Server-driven UI is not a new concept. Neither for Android, iOS, or the web. It is quite popular in recent years, especially with the introduction of component-driven architectures such as Flux / Redux and others. Now three projects ahead with server-driven architecture in place, I want to share with you some of the challenges that we faced, and the different approaches to solving them. And I will be really happy if you share your experience too.

Before we start - a good list of materials to go through

There are a lot of materials on the web regarding server-driven UI, a lot of medium articles, and a lot of old classical talks where you can get a general overview of the challenges ahead. Here are some of them:

Videos

droidCon SF 2018 - Using server-driven UI to rapidly iterate across platforms

Pragma Conference 2016 - John Sundell - Backend-driven UIs

Server-driven UI with Jetpack Compose - although I don’t find this video very useful, it shows that Jetpack Compose hooks very well into our scheme with dynamic views

These two videos above are amazing to get the general challenges before you start your project. They touch on several things like rows vs columns, click handling, caching, and many more. The language that you will be using doesn’t matter, just watch them and take notes.

Articles

https://medium.com/swlh/server-driven-ui-and-some-herbs-f17f01aa7794 - Basics on part of the challenges of the server-driven UI but nothing regarding the UI part
https://doordash.engineering/2021/08/24/improving-development-velocity-with-generic-server-driven-ui-components/ - Server driven UI with Swift UI and Jetpack Compose, lessons learned - versioning, keeping state when necessary inside components
https://proandroiddev.com/dynamic-screens-using-server-driven-ui-in-android-262f1e7875c1 - overall look over the architecture, looking at different libraries like Litho, Epoxy, Jetpack compose
https://proandroiddev.com/server-driven-ui-using-jetpack-compose-8fae9889bb2b - Example with Jetpack Compose

Github Projects

Lona - tool to generate .component files that could be shared across platforms. Just interesting to take a look at.
Compose Server-Driven UI - a simple example with Jetpack Compose
One more example - it also includes dynamic styling and theming as part of the dynamic views

The answer to the above question depends on the requirements that are presented to you by the management. In almost all of the projects that I was working on, the requirement to support Rows and Columns was never there. It would consist simply of:

We have a limited set of view types
The data for each component is attached to its view type
For each view type - show a specific view

But this simple at first look requirement brings its own challenges. And here are the most challenging ones:

API design

This is the most important thing in the whole architecture of the project. If the backend API design is bad, you can really easily end up with messy architecture and hacks on the frontend side. It is really important that each step is synced with your backend team and their responsibility is not only to provide a JSON file. They have to implement the right API calls that will match the management requirements.

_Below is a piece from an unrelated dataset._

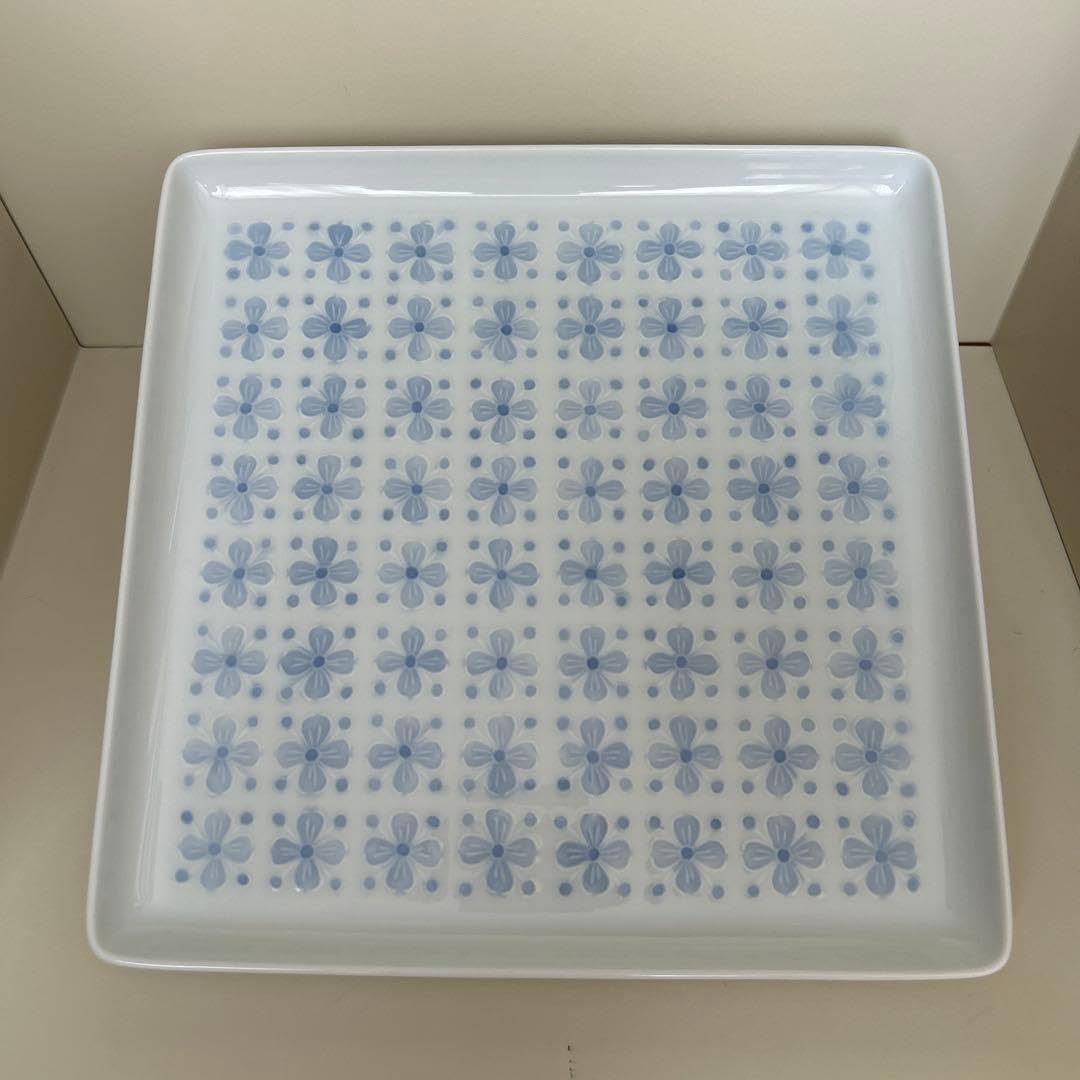 江戸中期 古伊万里 極上 赤絵金蘭手 30㎝皿 共箱 山徳製 祝皿 江戸中期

You can actually split up API design into two really simple cases:

APIs that control everything - they return a JSON that contains views, validators (objects used to validate the input of the views), current page data, next page URL, buttons that do different requests like POST/GET, etc. Basically, these types of APIs tend to control not only the views on the screen but also their behavior.
APIs that don’t control everything - for example, you receive a button with the “Favorite Video” and the endpoint is hardcoded in the app. You have to do the request yourself and handle the failure cases (ex. the case where a button click takes the API 40 seconds). This also includes the case where you need to call different APIs yourself based on the view displayed on the screen. The backend controls what is displayed on the screen but not how it should behave.

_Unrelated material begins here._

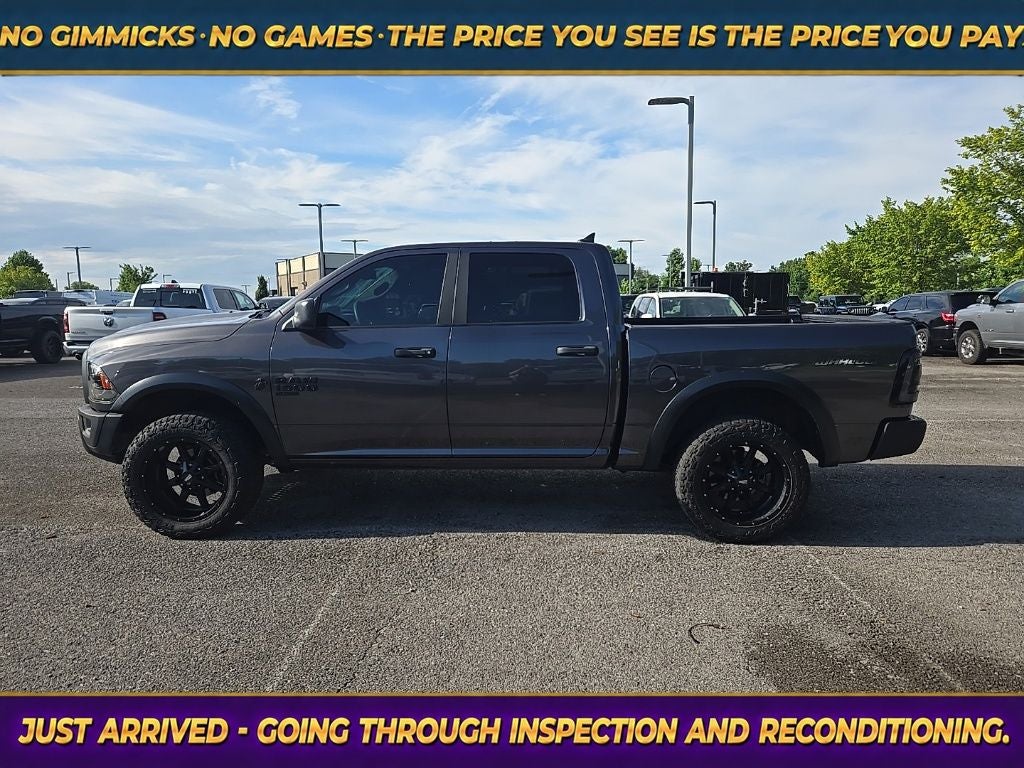 2022 RAM 1500 Classic Warlock Crew Cab 4x4 5'7' Box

These two types of API design will have a huge influence on how you will have the app architecture laid out.

Case 1 - Backend in full control

You will have a structure fully controlled by the API regarding navigation, data submissions, data validation, error handling, progress display, etc. The backend will tell you where the data needs to go and will return you a list of the new components that you need to display and this would happen on each page that is filled and submitted by the user. In a way, the app will be a really dumb presentation layer that follows the instructions provided by the backend.

Every action that happens inside the app is sent to the backend and the backend always responds with view components back. This way you don’t have to handle the state yourself. The state will always come from the backend. Even the error state too.

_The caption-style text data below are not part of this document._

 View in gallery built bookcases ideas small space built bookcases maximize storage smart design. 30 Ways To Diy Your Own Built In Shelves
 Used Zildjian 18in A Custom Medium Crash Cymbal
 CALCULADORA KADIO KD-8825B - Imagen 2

Let’s give an example, let’s say you have a movies app that displays a list of movies. Backend will provide the list of movie views, the container for each movie consisting of the option to add it to favorites and rate it, the nextPageUrl, and the next button that will do the request using the nextPageUrl. Whenever the user presses the “Favorite” button, you will do a request to an endpoint that the backend already put in the JSON response for this case and when the request is done, it will return a new list of views that should be displayed on the screen. You use DiffUtil to show them and update the state of the favorite button from unchecked to checked. This is the way the backend is always responsible to handle the state for you.

Case 2 - Backend has limited control

In this case, a lot of the logic is left to the app to handle. In the example above with the “Favorite” button, the endpoint points to another server and you have to handle the display of the favorite button as checked yourself. This implies keeping the list of current views on the screen, modifying the state yourself, and making sure it is reflected in the UI. This would indirectly affect your app architecture and the complexity you have in the project. And it also introduces a lot of architectural questions.

Lazy loading items

Challenge number 2 is to decide whether you have a lot of items to display or you have just a limited number of them. In my case, one of the projects was called “Dynamic Application Forms”. For it, we didn’t have a lot of components to show to the user, we had to show mostly input boxes, textviews, and buttons. So for that number of components, rendering them inside a LinearLayout(orientation = vertical) was totally fine.

For another project, we had a huge amount of items that would be displayed horizontally so creating and inflating items would result in an Out Of Memory exception. That’s why we had to stick to using a RecyclerView with its lazy loading nature. This would result in us having a big number of ViewHolders and each ViewHolder matches a certain type of view that needs to be displayed.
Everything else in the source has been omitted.